(What you have to do) The full listing, word for word and free of images, is the expected result.

(Recorded information)
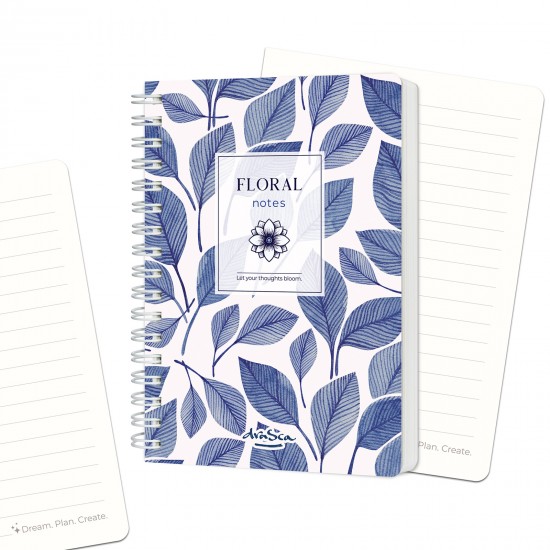 тефтерче Floral Notes спирала А6, 80 листа редове, Шепотът на листата
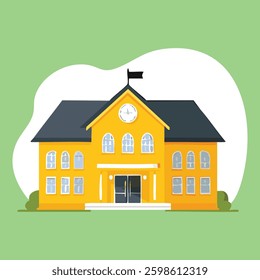 Yellow building with clock tower and black flag on green background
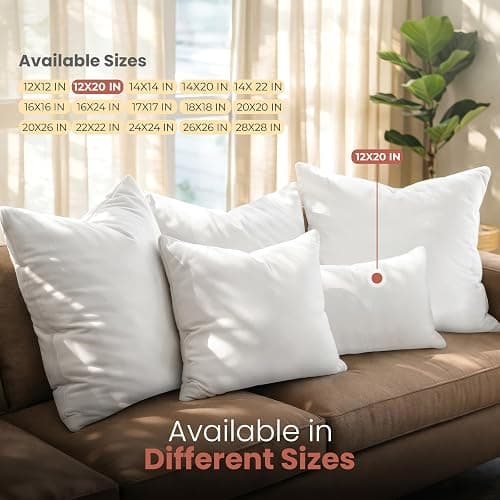 Utopia Bedding 12x20 Pillow Inserts, Set of 2, White – Indoor Decorative Throw Pillows for Bed, Sofa & Couch – Soft, Supportive & Fluffy Cushion Inserts thumbnail 8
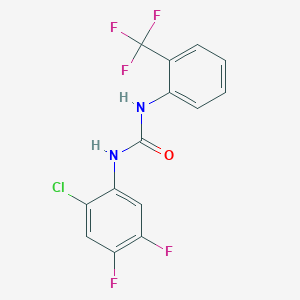 molecular formula C14H8ClF5N2O B3454738 1-(2-Chloro-4,5-difluorophenyl)-3-[2-(trifluoromethyl)phenyl]urea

(Result for this task)
 тефтерче Floral Notes спирала А6, 80 листа редове, Шепотът на листата
 Yellow building with clock tower and black flag on green background
 Utopia Bedding 12x20 Pillow Inserts, Set of 2, White – Indoor Decorative Throw Pillows for Bed, Sofa & Couch – Soft, Supportive & Fluffy Cushion Inserts thumbnail 8
 molecular formula C14H8ClF5N2O B3454738 1-(2-Chloro-4,5-difluorophenyl)-3-[2-(trifluoromethyl)phenyl]urea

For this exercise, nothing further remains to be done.